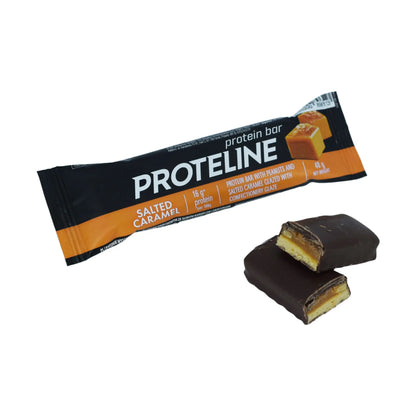 PROTELINE - Protein bar with peanuts and salted caramel glazed with confectionery glaze (40g) PROTELINE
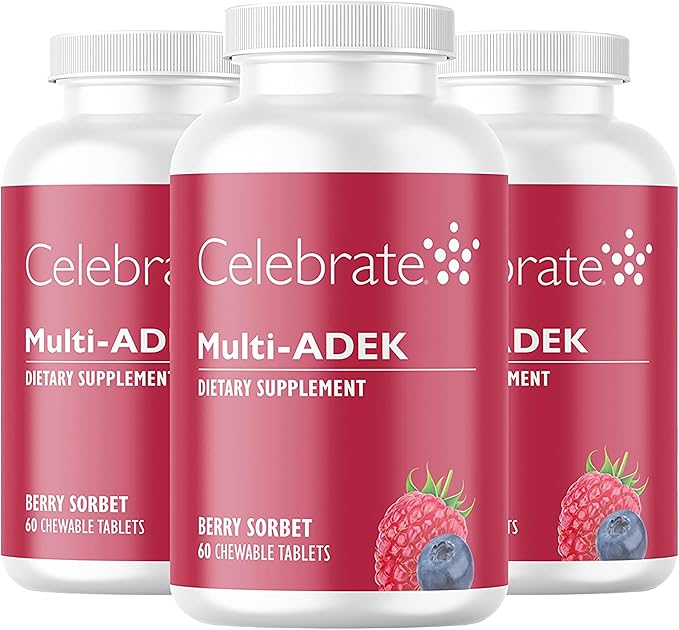 Celebrate Vitamins Multi ADEK Chewables Iron Free - Daily Bariatric Multivitamin High Level of Vitamins A D E K &amp B12 for Duodenal Switch Surgery Patients - Berry Sorbert (180 Tablets)
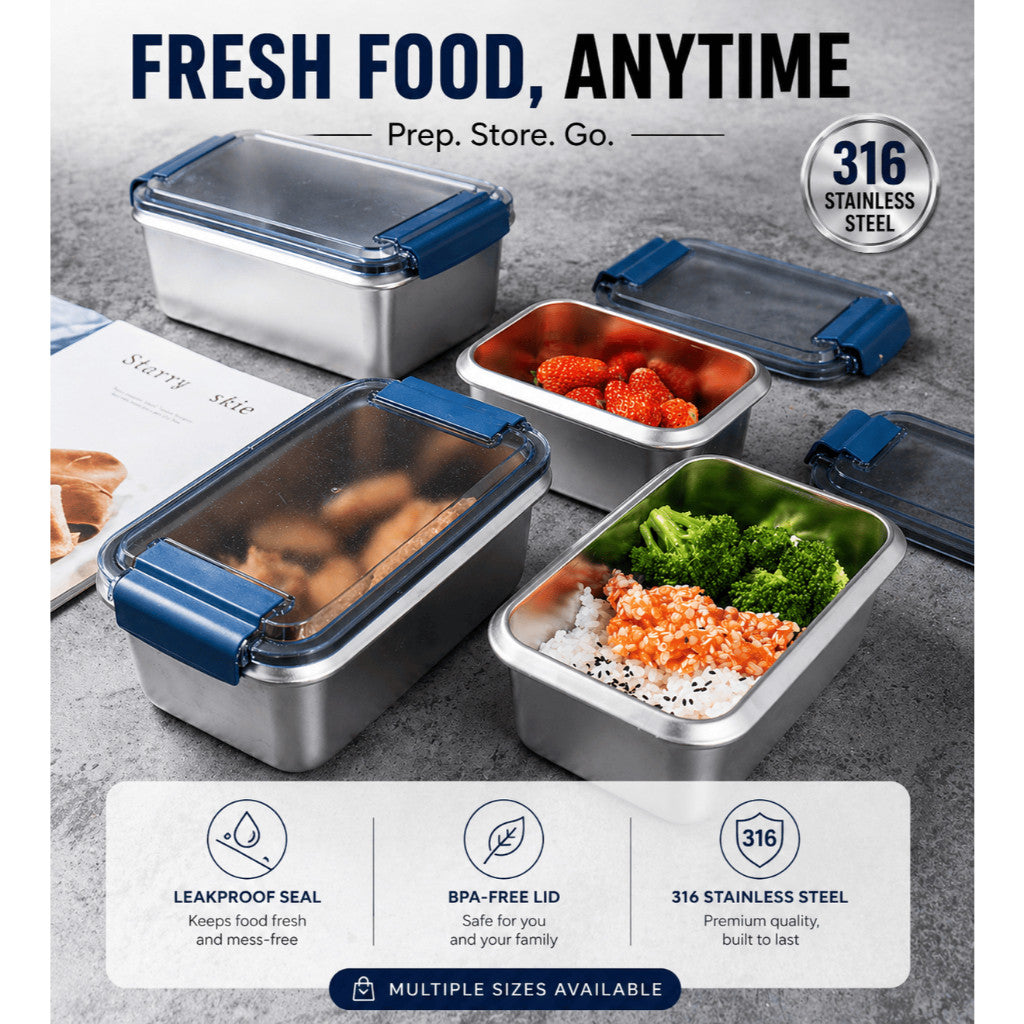 316 Stainless Steel Food Container - Anti-Bacterial Medical Grade Steel, Airtight Clip On Lid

What is needed
Return the whole listing word for word, minus its pictures.

Solution to this problem
 PROTELINE - Protein bar with peanuts and salted caramel glazed with confectionery glaze (40g) PROTELINE
 Celebrate Vitamins Multi ADEK Chewables Iron Free - Daily Bariatric Multivitamin High Level of Vitamins A D E K &amp B12 for Duodenal Switch Surgery Patients - Berry Sorbert (180 Tablets)
 316 Stainless Steel Food Container - Anti-Bacterial Medical Grade Steel, Airtight Clip On Lid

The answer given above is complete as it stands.